More Supervision After the Failure

In November 2021, FTX, with a valuation of over $30 billion, encountered severe liquidity issues and was unable to fulfill customer withdrawal requests. The exchange filed for bankruptcy protection and invoked huge investor losses. This event caused many to call for stricter cryptocurrency regulations to lower the chances of similar situations in the future. According to Bloomberg, the Bahamas plans to implement new legislation requiring digital asset businesses to report their activities, as well as stricter supervision of digital currency exchanges.

The proposed regulations will also require users to disclose their process of pledging coins to support blockchain operations, a practice known as staking. Ban on algorithmic stablecoins and privacy tokens will also be enforced by the Securities Commission of the Bahamas.

The regulator’s decision to amend cryptocurrency regulations is not solely in response to the FTX debacle. The authorities of the European Union, Hong Kong, and New York have also recently displayed intentions to protect crypto users by tightening regulatory frameworks.
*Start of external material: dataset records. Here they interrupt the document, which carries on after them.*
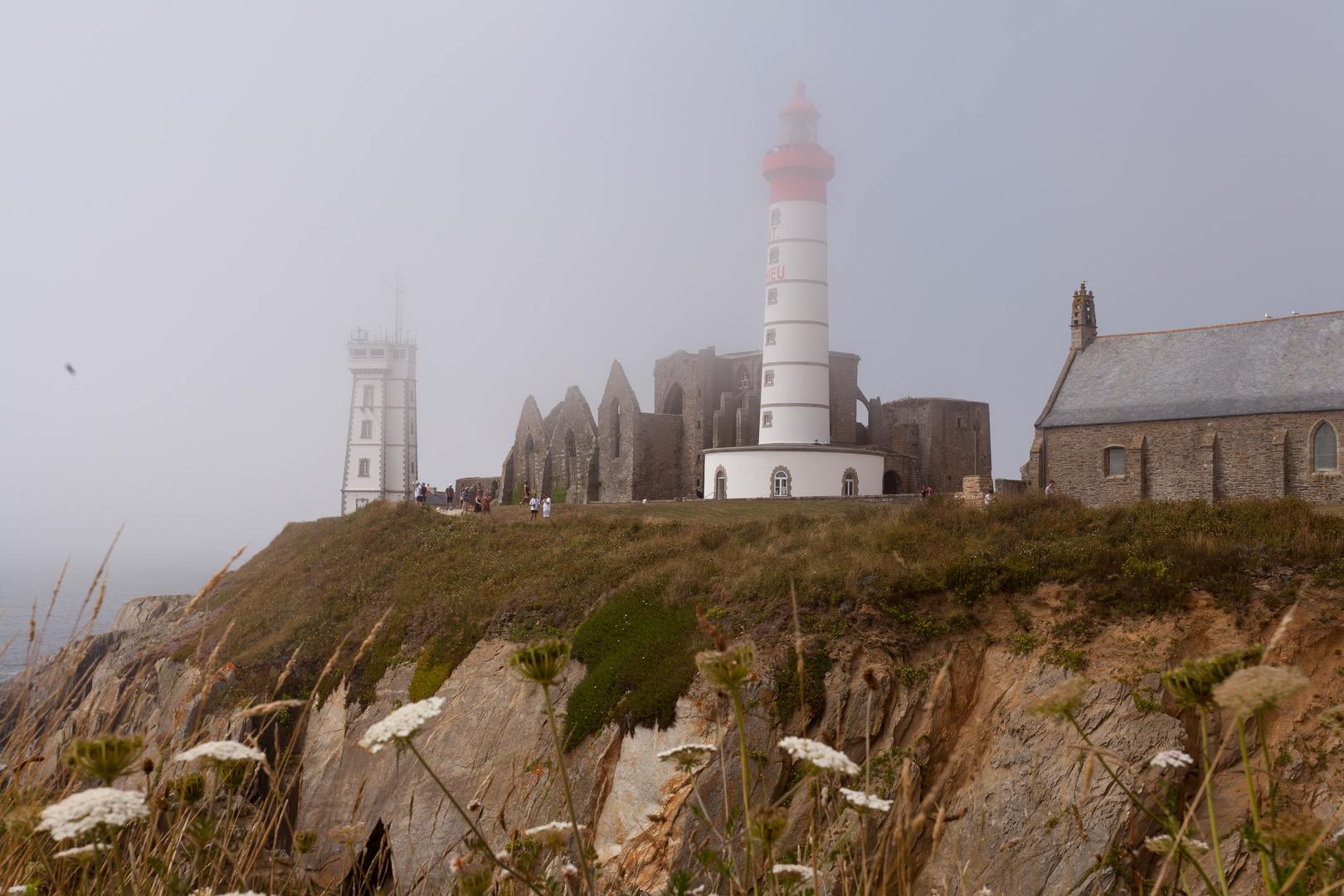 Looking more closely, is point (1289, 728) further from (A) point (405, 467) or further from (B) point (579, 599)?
(A) point (405, 467)

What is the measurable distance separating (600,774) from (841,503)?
820 inches

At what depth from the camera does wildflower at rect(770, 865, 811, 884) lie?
2971 millimetres

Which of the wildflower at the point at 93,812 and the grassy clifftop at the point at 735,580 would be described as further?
the grassy clifftop at the point at 735,580

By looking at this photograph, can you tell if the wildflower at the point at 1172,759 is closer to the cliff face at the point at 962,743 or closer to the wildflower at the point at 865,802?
the wildflower at the point at 865,802

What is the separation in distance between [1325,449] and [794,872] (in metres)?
35.4

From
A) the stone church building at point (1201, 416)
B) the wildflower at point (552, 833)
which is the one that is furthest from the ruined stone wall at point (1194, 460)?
the wildflower at point (552, 833)

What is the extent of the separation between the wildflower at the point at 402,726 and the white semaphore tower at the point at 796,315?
38.6m

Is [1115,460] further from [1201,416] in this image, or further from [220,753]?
[220,753]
Residents of the Bahamas can provide feedback on the proposed rules until May 31, 2022.

The Bahamas: SBF’s Short-Lived Paradise

FTX moved its headquarters from Hong Kong to the Bahamas in September 2021, dubbing it a crypto hub. However, the collapse of the exchange, along with rumors of lavish parties thrown by the former CEO, Sam Bankman-Fried, left a dark stain on the island.

Bankman-Fried, who currently resides in his parents’ California home awaiting fraud charges, was arrested in his Bahamas residence nearly a month after the fall of FTX. He was subsequently extradited to the United States, where he will face a trial at the start of October.